Thus, the « interface » view will specify the requirements of the business processes
as regards the organizational environment. For instance a “functionality model” will
specify the dependency link between an information process model and an IT
architecture model. The “functionality” model is a generic specification of IT tools
meeting the requirements of the informational process. It remains independent from
the existing IT architecture.
2.3 Partition between Domain-oriented Modelling and IT Oriented Modelling
Figure 1, shows a second conceptual partition between a “domain-oriented”
modelling and an “information-technology” oriented modelling. These two modelling
layers concern the three views presented above.
In order to manage the evolution of processes at ST Microelectronics, the partition
between these modelling layers will allow the management of a progressive
rationalization, aiming at transforming classical enterprise processes into computer
supported processes. Indeed, the Microelectronics field is a high-technological
environment with a high level of automation which never stops improving. This
induces a permanent optimization of the management and control tasks. In this
perspective, the evolution management aims at realizing a progressive encapsulation
of the enterprise processes, based on Information Technology. Thus, at the global
scale of the firm, the partition between domain-oriented modelling and IT oriented
modelling gives the possibility to measure IT deployment level among the processes
and to identify critical zones within the firm from that point of view.

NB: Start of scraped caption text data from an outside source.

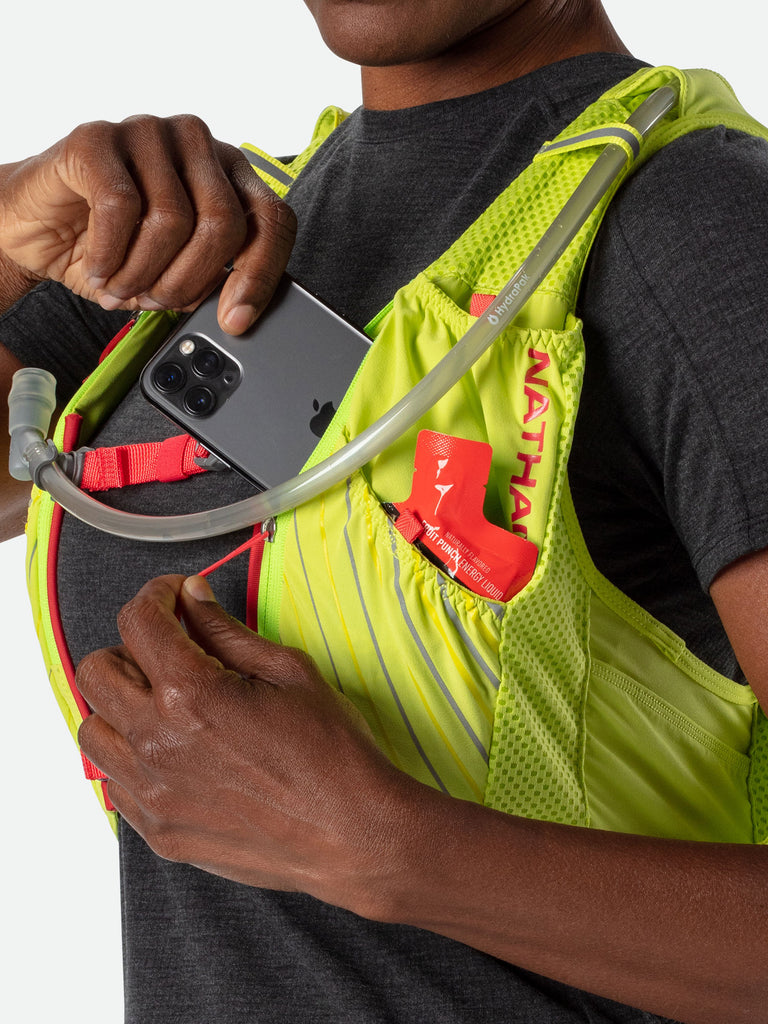 Nathan Pinnacle 12 Liter Women's Hydration Race Vest - Finish Lime/Hibiscus Red - Female Runner Pulling Cell Phone/Smartphone From Front Pocket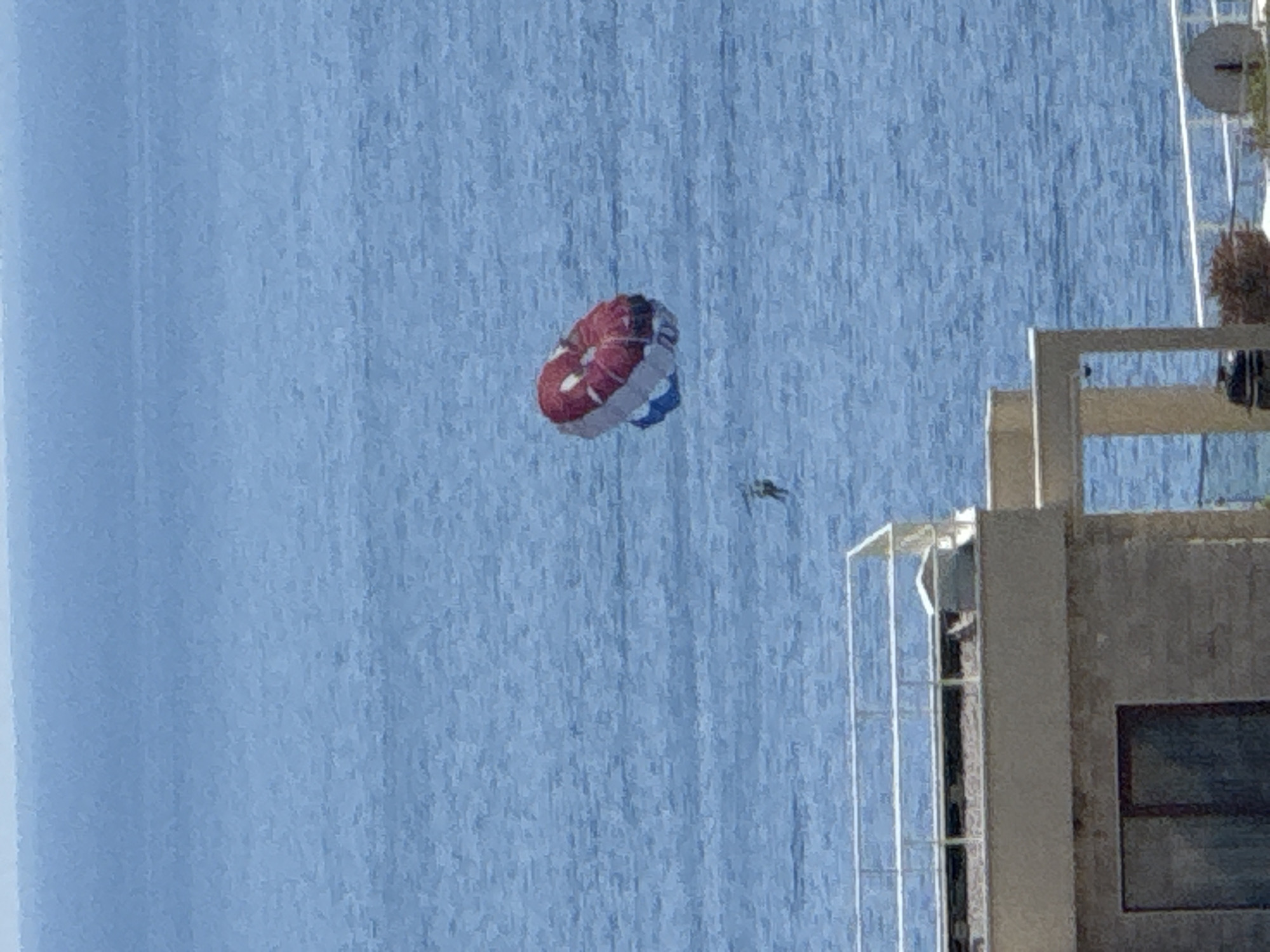 In Boreti, Montenegro, a parasailer is visible in the blue ocean, with a red and white parachute overhead. A person is suspended beneath the parachute. In the foreground, the top of a beige building with a railing and a window is visible. The building appears to be a hotel or apartment complex. The water is calm with small ripples, suggesting a clear and sunny day.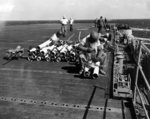 Ordnancemen aboard USS Hancock adjusting fins on 5-inch HVAR rocket motors, 21 Mar 1945.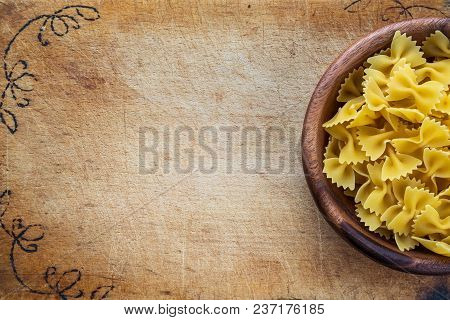 Farfalle Raw Farfallini Pasta In A Wooden Bowl On A Cutting Wooden Board, Texture Background With A 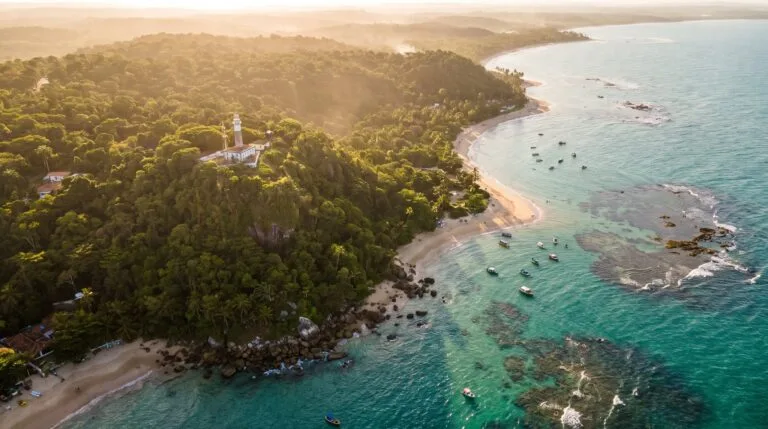 Vista aerea das praias turquesa e do farol de Morro de Sao Paulo ao entardecer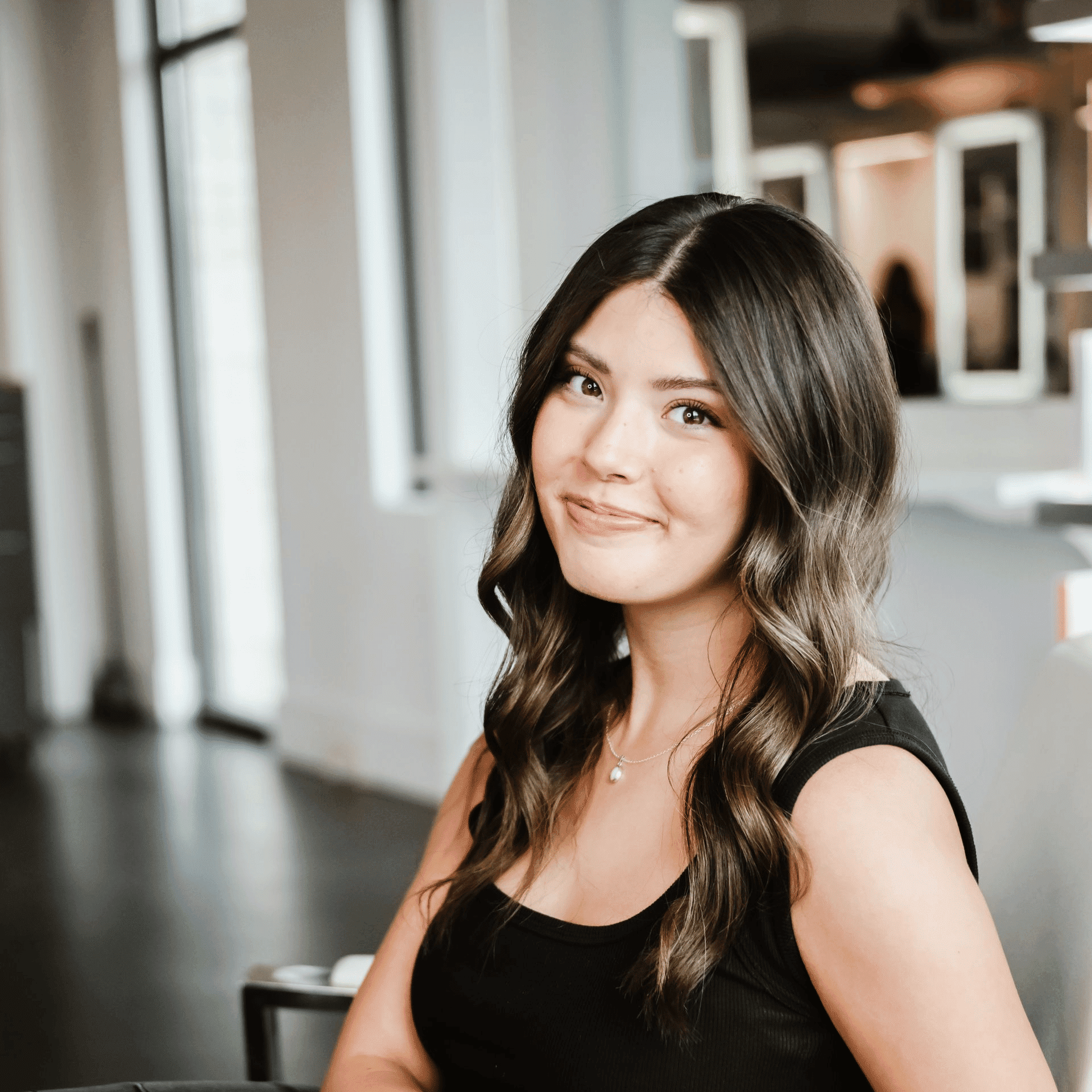 Portrait of Jamie, a professional stylist at Ottalaus Salon, showcasing their expertise and style.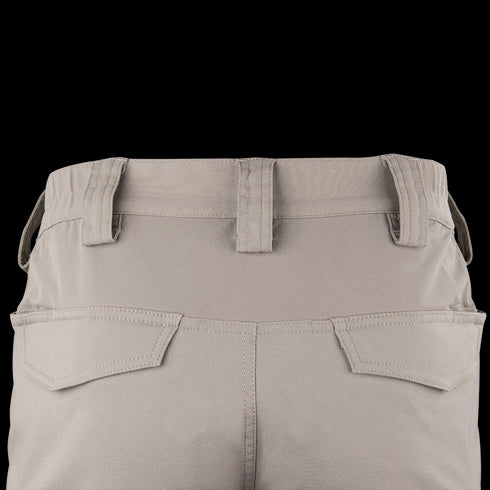 Close-up view of the back of Condor Patrol ADF Pants in light beige, featuring belt loops, a waistband, and two angled flap back pockets.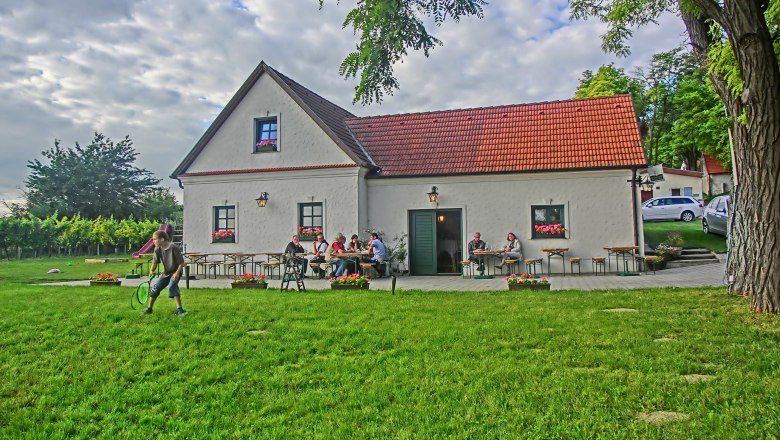 Ein traditionelles Gebäude mit rotem Dach, umgeben von grüner Wiese und Bäumen, Menschen sitzen an Tischen im Freien.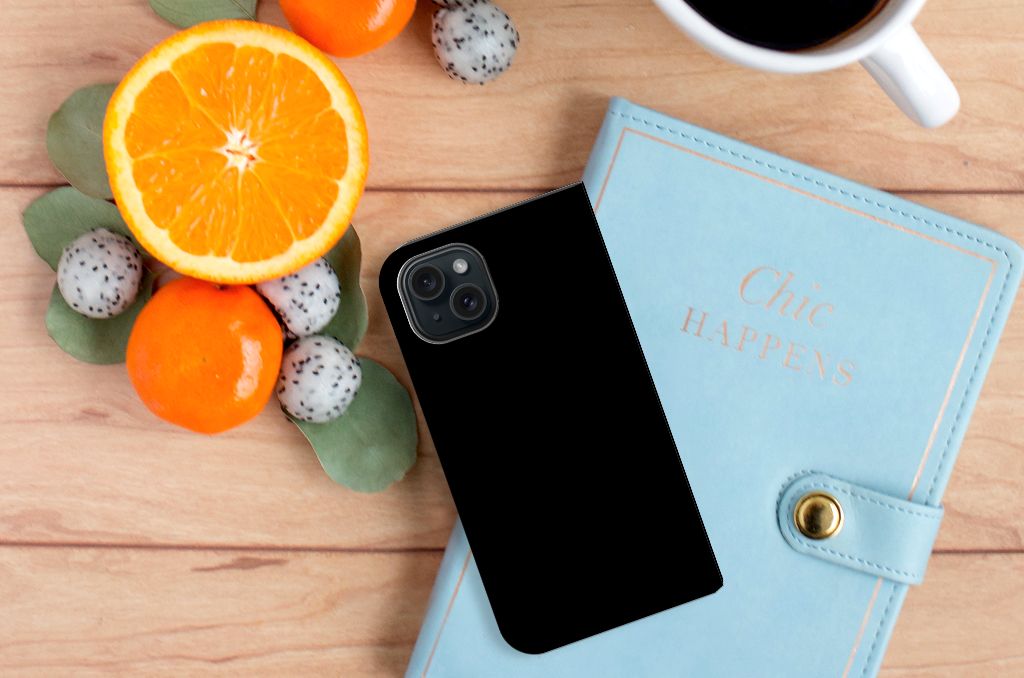 iPhone 15 Magnet Case Cow op een tafel met fruit en een notitieboekje, ideaal voor stijl en functionaliteit.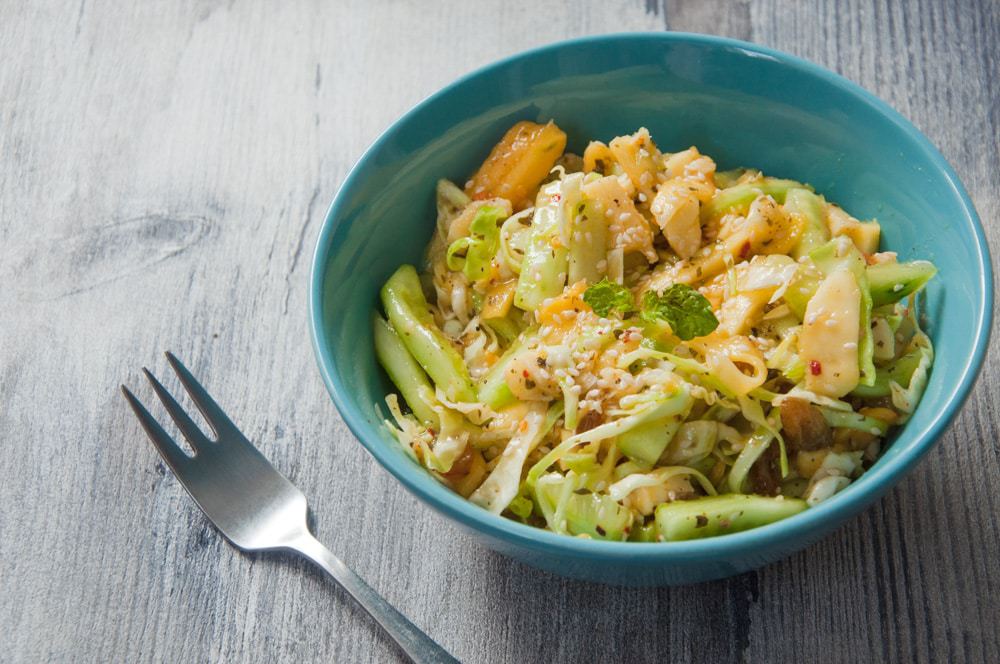 Mango cucumber salad in a bowl ready to eat.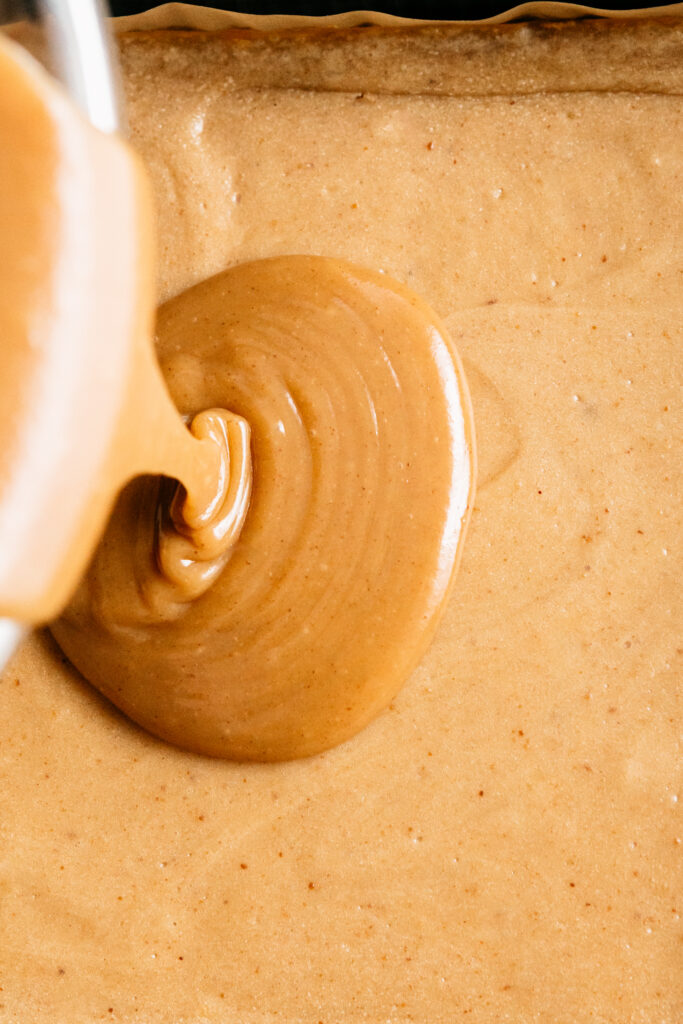 Pouring peanut butter ganache 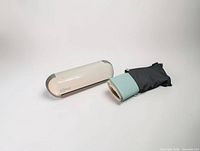 Silhouette Portrait machine with rolled cutting mat and carry pouch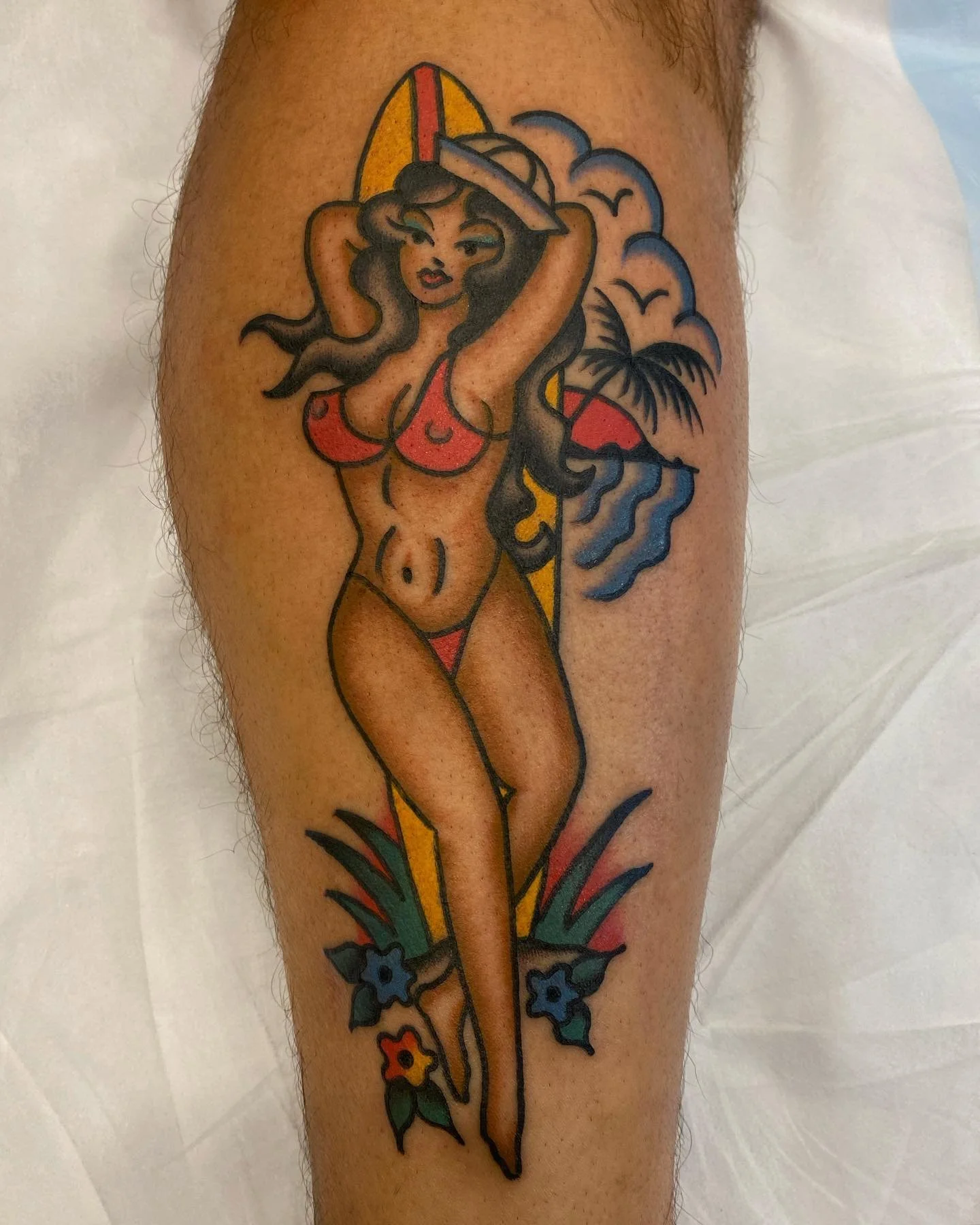 Traditional tattoo of a woman in a red bikini holding a hat, standing in front of a surfboard, with palm trees, clouds, birds, waves, and flowers in the background.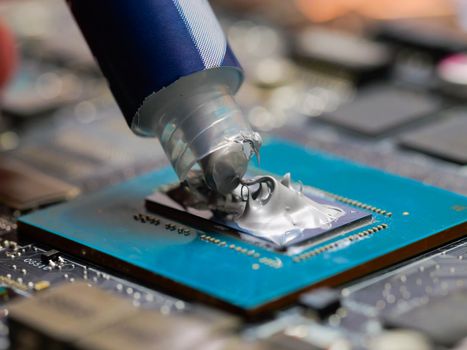 Thermal paste on the Laptop processor. Technician applying thermal paste to a GPU on laptop motherboard.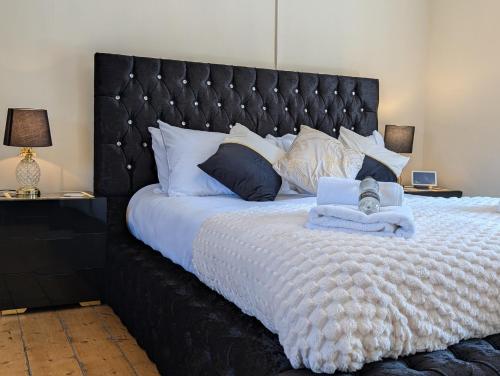 a bedroom with a large bed with a black headboard at A historic Pub with a modern twist - The Greyhound in Bury Saint Edmunds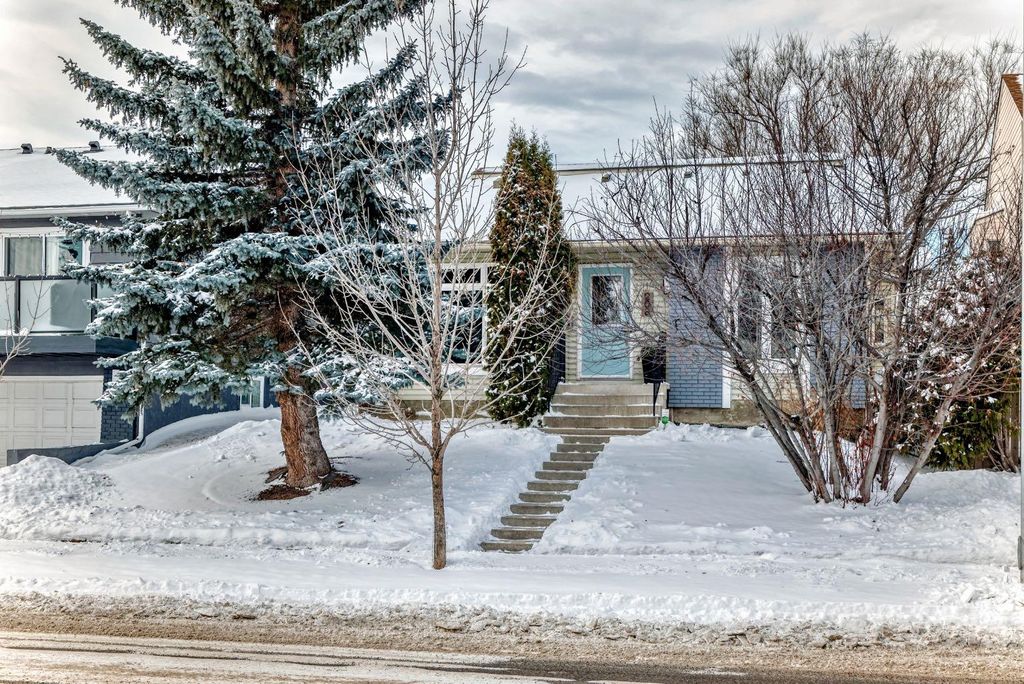 Photo of 208 Woodbine Boulevard SW, Calgary, AB T2W 4K5 (MLS # A2288115)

Furthermore, for methodological requirements, it is necessary to figure out the
frontier between what we could call the “business” world and “information
technology” world [4], as well as their correspondence links. Indeed, several
methodologies aim at managing information system evolution using the principles of
urbanism applied to IT systems [5]. These methodologies insist on the necessity to
manage the consistence between these two “worlds” : the IT urbanization zones in the
firm must be formally related to organizational zones.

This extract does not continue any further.